[The data Boundary: Start]
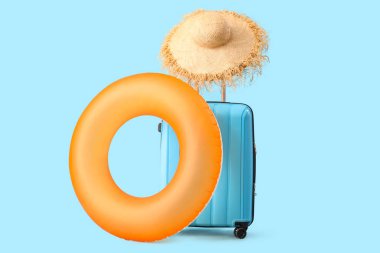 Şişme yüzük, bavul ve mavi arka planda hasır şapka. Seyahat kavramı
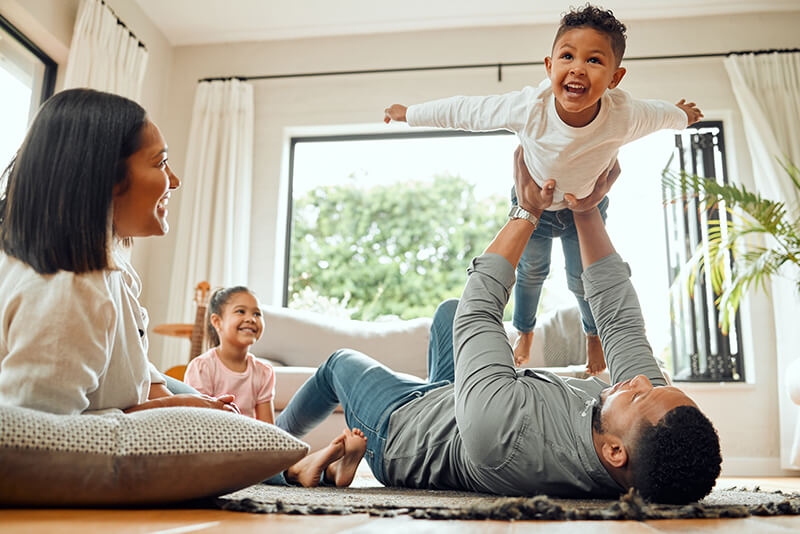 A joyful family plays together in a bright living room, with a child being lifted by a parent while two others watch and smile.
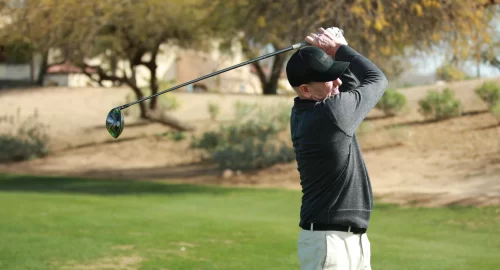 Hank Haney swinging his golf club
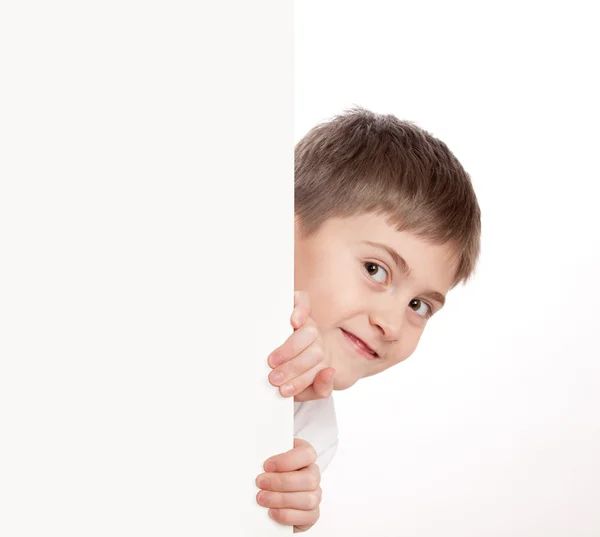 Boy look out through poster — Stock Photo, Image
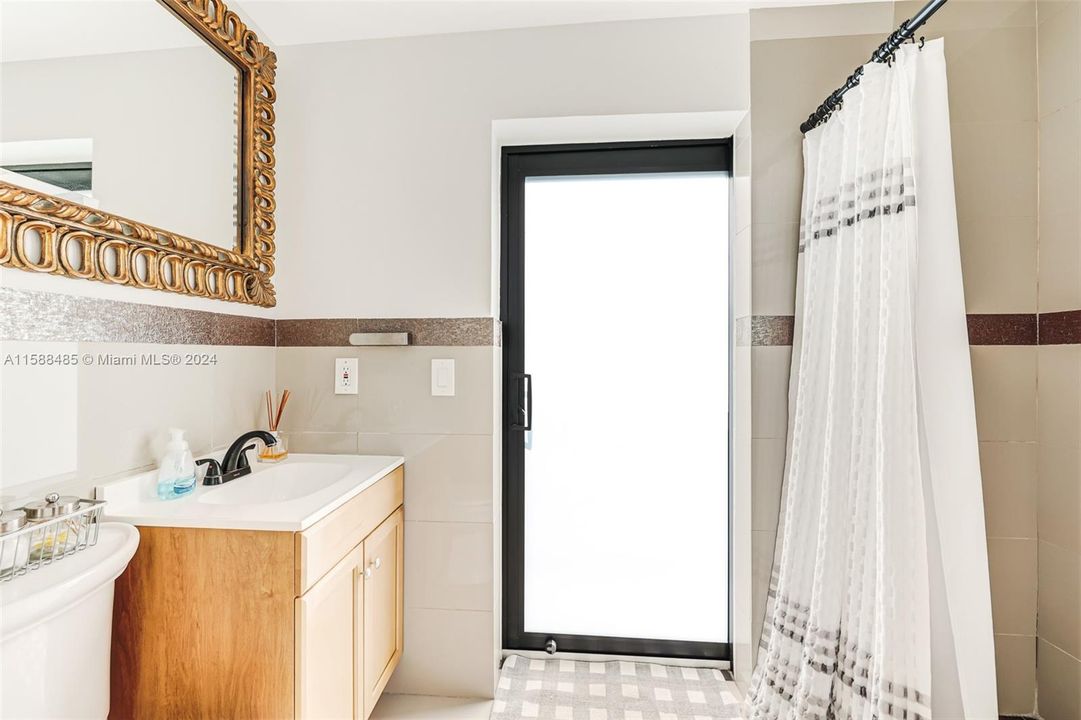 Primary bedroom ensuite bathroom opens to back patio.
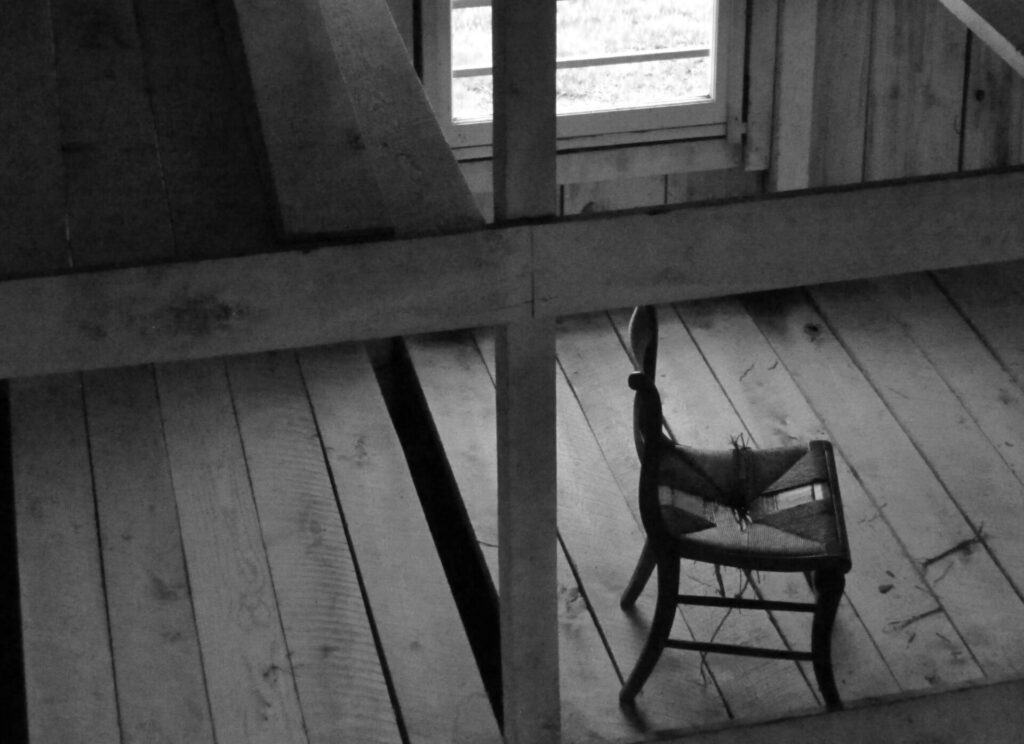 grascale photo of chair near window inside room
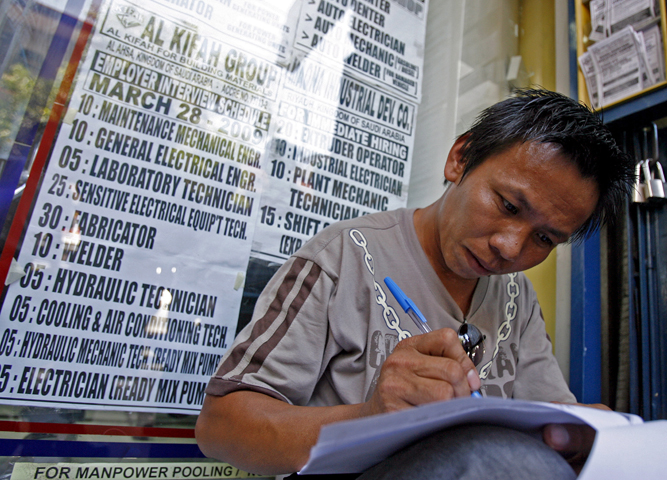 In this 2009 file photo, a Filipino jobseeker fills out forms outside a recruitment agency in Manila for jobs in the Middle East. (CNS/Alanah Torralba, EPA) 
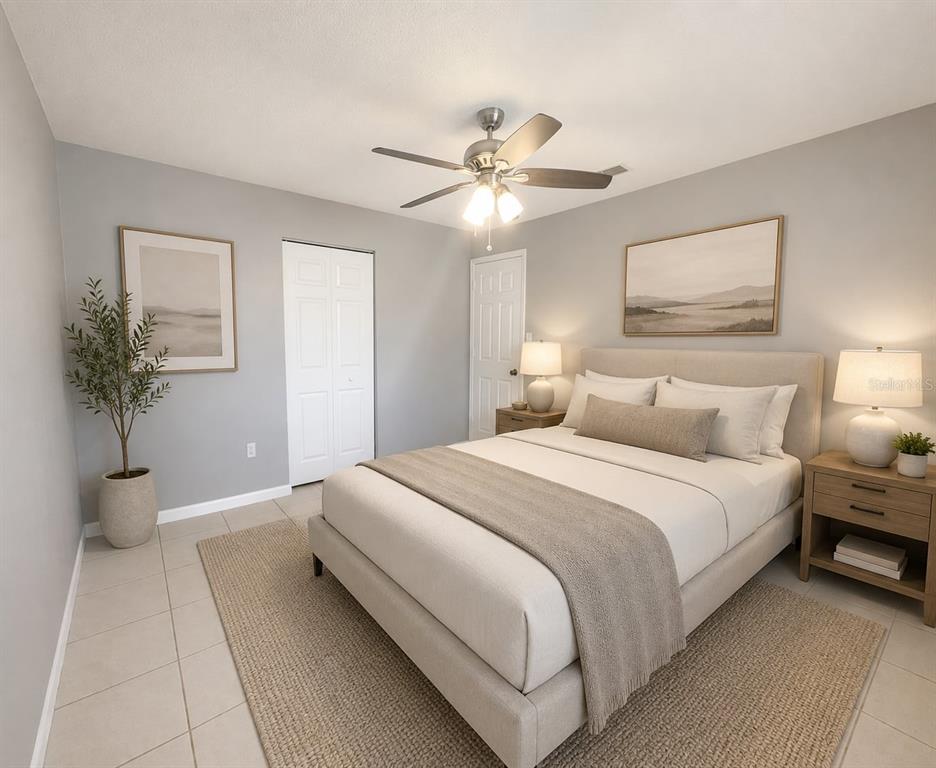A bedroom features a bed with neutral bedding, a ceiling fan, and a large area rug — 1551 SWORDBILL DRIVE, HOLIDAY, FL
[The data Boundary: End]
◆ **Task instructions**
What you return should match the entries word for word, pictures aside.

◆ **Problem solution**
 Şişme yüzük, bavul ve mavi arka planda hasır şapka. Seyahat kavramı
 A joyful family plays together in a bright living room, with a child being lifted by a parent while two others watch and smile.
 Hank Haney swinging his golf club
 Boy look out through poster — Stock Photo, Image
 Primary bedroom ensuite bathroom opens to back patio.
 grascale photo of chair near window inside room
 In this 2009 file photo, a Filipino jobseeker fills out forms outside a recruitment agency in Manila for jobs in the Middle East. (CNS/Alanah Torralba, EPA) 
A bedroom features a bed with neutral bedding, a ceiling fan, and a large area rug — 1551 SWORDBILL DRIVE, HOLIDAY, FL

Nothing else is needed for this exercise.